When, therefore, those Jewish writers moved to Hollywood, they took their radicalised. Red ideology with them, and transferred it into their writing for movies. It was estimated that at this time, “probably 70 percent of the writers, directors, actors, and so on were liberally inclined”. 205
The Legion of Decency’s Power
At this time (1934/35) there was often a lot of animosity and rivalry between the different Roman Catholic players involved in movie censorship, usually caused by the fact that some supported the movie list issued in Chicago, and others the list issued in New York. Films approved by Joe Breen were often condemned by the Legion of Decency, priests disagreed over which films should be condemned and which should not, Martin Quigley and Jesuit priest Parsons were accused of being propagandists for Hollywood who were adversely affecting the Legion’s work, Jesuit priest Dinneen referred to Quigley and Parsons as traitors who were sowing division within the Romish camp, the friendship between Dinneen and Lord almost ended, and Lord and Quigley – the co-authors of the Code – were fiercely opposed to each other. This enmity between the two caused Quigley to tell a friend at one point, “I hope… to keep as far away from the clergy as possible, except on Sunday mornings.” 206
With two lists circulating, Roman Catholics were under the impression that they were free to decide for themselves which films to see and which to avoid, which was utterly unacceptable to the hierarchy. Clearly something had to be done to save the Legion campaign.

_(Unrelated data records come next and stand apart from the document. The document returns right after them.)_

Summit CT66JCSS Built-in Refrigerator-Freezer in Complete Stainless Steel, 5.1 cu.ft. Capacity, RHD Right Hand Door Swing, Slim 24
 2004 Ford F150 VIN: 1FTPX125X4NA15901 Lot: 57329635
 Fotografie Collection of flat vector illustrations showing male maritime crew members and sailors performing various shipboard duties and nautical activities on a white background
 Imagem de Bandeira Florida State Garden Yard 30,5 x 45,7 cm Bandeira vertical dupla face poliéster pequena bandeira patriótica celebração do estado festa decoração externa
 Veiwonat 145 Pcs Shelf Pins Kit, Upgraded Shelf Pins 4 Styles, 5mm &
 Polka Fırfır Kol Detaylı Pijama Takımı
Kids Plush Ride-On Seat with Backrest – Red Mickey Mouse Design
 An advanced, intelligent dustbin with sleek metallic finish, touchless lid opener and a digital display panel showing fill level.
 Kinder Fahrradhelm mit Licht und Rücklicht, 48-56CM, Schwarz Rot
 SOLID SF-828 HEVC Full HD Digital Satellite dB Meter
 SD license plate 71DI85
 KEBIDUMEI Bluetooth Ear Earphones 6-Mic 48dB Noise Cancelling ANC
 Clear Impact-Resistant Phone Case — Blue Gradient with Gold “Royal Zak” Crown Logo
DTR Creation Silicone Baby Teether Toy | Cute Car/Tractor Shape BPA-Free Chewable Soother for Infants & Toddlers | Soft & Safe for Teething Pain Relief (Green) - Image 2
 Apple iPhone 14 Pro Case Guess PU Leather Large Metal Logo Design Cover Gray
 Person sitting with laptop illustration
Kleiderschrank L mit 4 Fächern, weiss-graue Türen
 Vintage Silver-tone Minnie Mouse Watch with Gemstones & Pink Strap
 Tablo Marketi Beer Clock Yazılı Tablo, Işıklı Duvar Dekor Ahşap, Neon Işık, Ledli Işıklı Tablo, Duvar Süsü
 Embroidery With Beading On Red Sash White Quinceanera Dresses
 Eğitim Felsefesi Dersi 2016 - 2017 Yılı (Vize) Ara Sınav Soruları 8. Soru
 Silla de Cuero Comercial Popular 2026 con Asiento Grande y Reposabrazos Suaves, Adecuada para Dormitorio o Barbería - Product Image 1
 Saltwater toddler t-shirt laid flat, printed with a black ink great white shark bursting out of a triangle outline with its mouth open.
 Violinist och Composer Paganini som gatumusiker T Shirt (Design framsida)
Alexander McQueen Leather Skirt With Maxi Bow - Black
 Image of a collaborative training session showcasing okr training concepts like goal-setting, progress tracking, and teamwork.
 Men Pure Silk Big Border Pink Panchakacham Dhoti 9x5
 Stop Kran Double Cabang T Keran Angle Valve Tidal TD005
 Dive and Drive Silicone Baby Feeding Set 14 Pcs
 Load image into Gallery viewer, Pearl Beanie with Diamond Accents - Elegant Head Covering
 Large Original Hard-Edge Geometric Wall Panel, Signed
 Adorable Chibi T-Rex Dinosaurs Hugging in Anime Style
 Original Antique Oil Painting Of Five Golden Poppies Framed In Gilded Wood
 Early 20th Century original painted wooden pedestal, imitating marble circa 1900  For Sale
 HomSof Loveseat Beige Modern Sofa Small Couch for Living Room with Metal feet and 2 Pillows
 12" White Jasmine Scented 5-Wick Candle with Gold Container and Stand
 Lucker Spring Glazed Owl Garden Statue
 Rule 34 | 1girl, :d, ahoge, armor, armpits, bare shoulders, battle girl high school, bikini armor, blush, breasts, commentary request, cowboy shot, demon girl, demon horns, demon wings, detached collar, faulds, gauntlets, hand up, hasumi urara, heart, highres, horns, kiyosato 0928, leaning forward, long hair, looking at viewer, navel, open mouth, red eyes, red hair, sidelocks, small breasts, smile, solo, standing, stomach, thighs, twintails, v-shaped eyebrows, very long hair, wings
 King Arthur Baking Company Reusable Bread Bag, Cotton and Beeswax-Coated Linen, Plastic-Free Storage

In 1935 the Romish bishops again assembled in Washington, D.C., and again they discussed movies and the movie industry. Romish archbishop John McNicholas, chairman of the ECMP, told the assembly that the Roman Catholic “Church” had successfully improved the content of Hollywood movies during the past year, and that in his judgment the Production Code Administration had been a success. He also called for Legion of Decency activities to be centralised in New York, and to issue a single Roman Catholic film viewing guide for all Roman Catholics in order to put a stop to all the arguing and fighting between the supporters of the different viewing guide lists, and between the supporters of the various approaches to classifying movies. McNicholas was supported in this by the bishop, John Cantwell. New York, they believed, should be the location because, although movies were made in Hollywood for the most part, they were usually first played in New York. The bishops agreed. The National Legion of Decency would be established in New York, under the guidance of Romish cardinal, Patrick Hayes.
Hayes appointed priest Joseph Daly as the Legion’s executive secretary. Daly was also a professor of psychology. Martin Quigley moved his publishing concerns to New York so that he could give guidance to the Legion. It was administratively under the direction of priest Edward Robert Moore.
As for who would be charged with actually determining a movie’s moral values, this was given to the IFCA, the Roman Catholic women’s organisation. The IFCA had been carrying out this work for years already, ever since 1922 when it had created a Motion Picture Bureau and followed the practice of praising good films and ignoring bad ones in its published film reviews. The head of the Motion Picture Bureau of the IFCA was Mary Looram. She was made its head in 1930 and held that position for over thirty years. But there were over a hundred women acting as film reviewers. The East Coast group was under the direction of Jesuit priest Francis X. Talbot, and the West Coast group was under priest John Devlin.
At first the IFCA women were sidelined once the Legion came into being, under the control of priests, because the IFCA was considered to be a puppet of the Hays Office by some; and because it followed the policy of praising good films but ignoring bad ones, this was seen as permitting Hollywood to continue producing bad ones. But after the IFCA agreed to issue a “condemned” category of movies as well, the bishops’ conclave agreed to make this women’s organisation the Legion’s official reviewing body.
Yet again, we see the i mm ense grip the Jesuits held over the entire censorship business in the United States, assisted by other priests, bishops, archbishops, cardinals, and many ordinary but staunch Roman Catholics. It was a Roman Catholic stranglehold on the film industry, and it would last for decades.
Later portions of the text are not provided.